▶ _ASSIGNMENT_: Without changing a word, return the listing below, minus its images.

▶ _EXERCISE INPUT_:
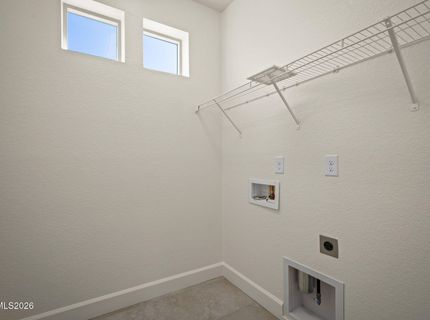 1670 Samantha Crest Trail, Reno, NV 89523 Photo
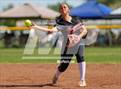 Photo from the gallery "Churchill County vs. Fernley (NIAA 3A State Finals)"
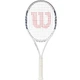 Тенісна ракетка Wilson ELITE COMP TNS RKT WH 2 WR088010U2 з принтом ведмедика - зображення 10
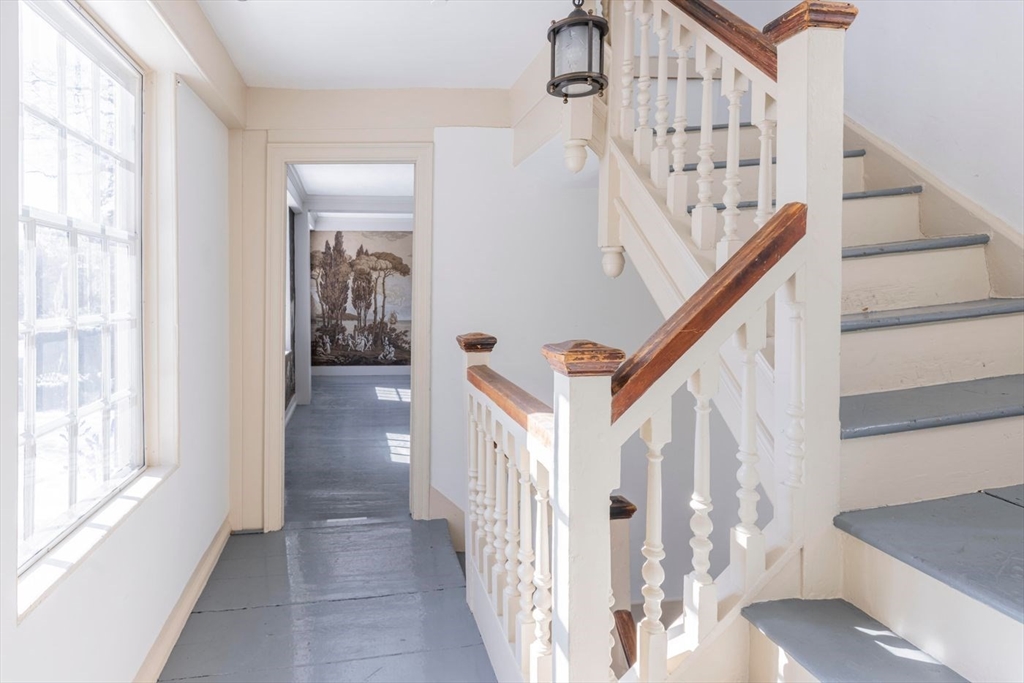 159 Brattle Street Property Photo 19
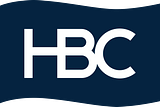 Hudson's Bay Company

▶ _RESULT_:
 1670 Samantha Crest Trail, Reno, NV 89523 Photo
 Photo from the gallery "Churchill County vs. Fernley (NIAA 3A State Finals)"
 Тенісна ракетка Wilson ELITE COMP TNS RKT WH 2 WR088010U2 з принтом ведмедика - зображення 10
 159 Brattle Street Property Photo 19
 Hudson's Bay Company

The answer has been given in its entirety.